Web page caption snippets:

_ _ _ _

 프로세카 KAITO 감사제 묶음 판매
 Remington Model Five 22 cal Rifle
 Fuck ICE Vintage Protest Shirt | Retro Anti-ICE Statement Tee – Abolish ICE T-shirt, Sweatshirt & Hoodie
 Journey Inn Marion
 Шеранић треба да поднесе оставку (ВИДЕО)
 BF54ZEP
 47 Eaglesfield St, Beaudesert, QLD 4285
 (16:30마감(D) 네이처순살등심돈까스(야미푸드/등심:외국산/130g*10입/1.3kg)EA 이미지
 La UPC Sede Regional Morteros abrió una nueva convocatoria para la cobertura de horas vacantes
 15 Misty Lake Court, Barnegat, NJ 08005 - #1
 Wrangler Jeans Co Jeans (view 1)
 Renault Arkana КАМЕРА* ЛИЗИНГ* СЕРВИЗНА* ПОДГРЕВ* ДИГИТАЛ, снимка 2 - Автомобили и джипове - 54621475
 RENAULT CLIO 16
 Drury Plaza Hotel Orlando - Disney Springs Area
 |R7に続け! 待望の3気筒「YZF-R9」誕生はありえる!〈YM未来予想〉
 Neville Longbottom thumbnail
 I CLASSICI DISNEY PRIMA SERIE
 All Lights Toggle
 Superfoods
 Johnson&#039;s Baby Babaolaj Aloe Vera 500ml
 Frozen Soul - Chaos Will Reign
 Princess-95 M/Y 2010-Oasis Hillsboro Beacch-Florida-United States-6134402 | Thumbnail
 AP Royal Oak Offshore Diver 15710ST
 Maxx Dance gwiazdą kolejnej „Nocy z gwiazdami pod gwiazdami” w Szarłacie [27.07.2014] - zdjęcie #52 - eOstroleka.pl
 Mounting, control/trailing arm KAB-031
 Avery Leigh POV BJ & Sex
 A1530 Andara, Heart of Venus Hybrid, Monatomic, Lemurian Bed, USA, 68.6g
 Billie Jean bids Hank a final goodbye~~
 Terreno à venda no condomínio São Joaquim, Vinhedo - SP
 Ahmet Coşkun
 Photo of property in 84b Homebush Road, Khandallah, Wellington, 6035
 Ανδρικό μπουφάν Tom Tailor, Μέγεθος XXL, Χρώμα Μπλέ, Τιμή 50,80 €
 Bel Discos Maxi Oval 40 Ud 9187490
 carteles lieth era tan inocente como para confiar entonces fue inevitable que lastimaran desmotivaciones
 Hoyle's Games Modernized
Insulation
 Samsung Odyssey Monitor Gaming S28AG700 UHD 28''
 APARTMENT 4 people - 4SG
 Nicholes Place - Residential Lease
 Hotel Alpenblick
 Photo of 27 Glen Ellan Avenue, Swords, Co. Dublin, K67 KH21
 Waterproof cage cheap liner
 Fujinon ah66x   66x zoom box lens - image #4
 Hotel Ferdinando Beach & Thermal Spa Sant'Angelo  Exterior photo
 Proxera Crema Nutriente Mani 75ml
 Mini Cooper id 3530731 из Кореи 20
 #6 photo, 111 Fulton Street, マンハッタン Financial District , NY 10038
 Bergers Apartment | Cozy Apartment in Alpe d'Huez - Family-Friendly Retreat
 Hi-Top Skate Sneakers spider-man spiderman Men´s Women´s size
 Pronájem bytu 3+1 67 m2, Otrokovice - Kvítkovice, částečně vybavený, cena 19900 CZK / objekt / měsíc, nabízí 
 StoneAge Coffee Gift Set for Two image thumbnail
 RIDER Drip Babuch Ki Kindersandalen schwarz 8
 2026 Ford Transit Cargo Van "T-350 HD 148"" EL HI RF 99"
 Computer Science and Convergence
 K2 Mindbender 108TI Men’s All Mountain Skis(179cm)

_ _ _ _

*What the task asks:* All of the data should be retyped exactly.

*Reply:*
 프로세카 KAITO 감사제 묶음 판매
 Remington Model Five 22 cal Rifle
 Fuck ICE Vintage Protest Shirt | Retro Anti-ICE Statement Tee – Abolish ICE T-shirt, Sweatshirt & Hoodie
 Journey Inn Marion
 Шеранић треба да поднесе оставку (ВИДЕО)
 BF54ZEP
 47 Eaglesfield St, Beaudesert, QLD 4285
 (16:30마감(D) 네이처순살등심돈까스(야미푸드/등심:외국산/130g*10입/1.3kg)EA 이미지
 La UPC Sede Regional Morteros abrió una nueva convocatoria para la cobertura de horas vacantes
 15 Misty Lake Court, Barnegat, NJ 08005 - #1
 Wrangler Jeans Co Jeans (view 1)
 Renault Arkana КАМЕРА* ЛИЗИНГ* СЕРВИЗНА* ПОДГРЕВ* ДИГИТАЛ, снимка 2 - Автомобили и джипове - 54621475
 RENAULT CLIO 16
 Drury Plaza Hotel Orlando - Disney Springs Area
 |R7に続け! 待望の3気筒「YZF-R9」誕生はありえる!〈YM未来予想〉
 Neville Longbottom thumbnail
 I CLASSICI DISNEY PRIMA SERIE
 All Lights Toggle
 Superfoods
 Johnson&#039;s Baby Babaolaj Aloe Vera 500ml
 Frozen Soul - Chaos Will Reign
 Princess-95 M/Y 2010-Oasis Hillsboro Beacch-Florida-United States-6134402 | Thumbnail
 AP Royal Oak Offshore Diver 15710ST
 Maxx Dance gwiazdą kolejnej „Nocy z gwiazdami pod gwiazdami” w Szarłacie [27.07.2014] - zdjęcie #52 - eOstroleka.pl
 Mounting, control/trailing arm KAB-031
 Avery Leigh POV BJ & Sex
 A1530 Andara, Heart of Venus Hybrid, Monatomic, Lemurian Bed, USA, 68.6g
 Billie Jean bids Hank a final goodbye~~
 Terreno à venda no condomínio São Joaquim, Vinhedo - SP
 Ahmet Coşkun
 Photo of property in 84b Homebush Road, Khandallah, Wellington, 6035
 Ανδρικό μπουφάν Tom Tailor, Μέγεθος XXL, Χρώμα Μπλέ, Τιμή 50,80 €
 Bel Discos Maxi Oval 40 Ud 9187490
 carteles lieth era tan inocente como para confiar entonces fue inevitable que lastimaran desmotivaciones
 Hoyle's Games Modernized
Insulation
 Samsung Odyssey Monitor Gaming S28AG700 UHD 28''
 APARTMENT 4 people - 4SG
 Nicholes Place - Residential Lease
 Hotel Alpenblick
 Photo of 27 Glen Ellan Avenue, Swords, Co. Dublin, K67 KH21
 Waterproof cage cheap liner
 Fujinon ah66x   66x zoom box lens - image #4
 Hotel Ferdinando Beach & Thermal Spa Sant'Angelo  Exterior photo
 Proxera Crema Nutriente Mani 75ml
 Mini Cooper id 3530731 из Кореи 20
 #6 photo, 111 Fulton Street, マンハッタン Financial District , NY 10038
 Bergers Apartment | Cozy Apartment in Alpe d'Huez - Family-Friendly Retreat
 Hi-Top Skate Sneakers spider-man spiderman Men´s Women´s size
 Pronájem bytu 3+1 67 m2, Otrokovice - Kvítkovice, částečně vybavený, cena 19900 CZK / objekt / měsíc, nabízí 
 StoneAge Coffee Gift Set for Two image thumbnail
 RIDER Drip Babuch Ki Kindersandalen schwarz 8
 2026 Ford Transit Cargo Van "T-350 HD 148"" EL HI RF 99"
 Computer Science and Convergence
 K2 Mindbender 108TI Men’s All Mountain Skis(179cm)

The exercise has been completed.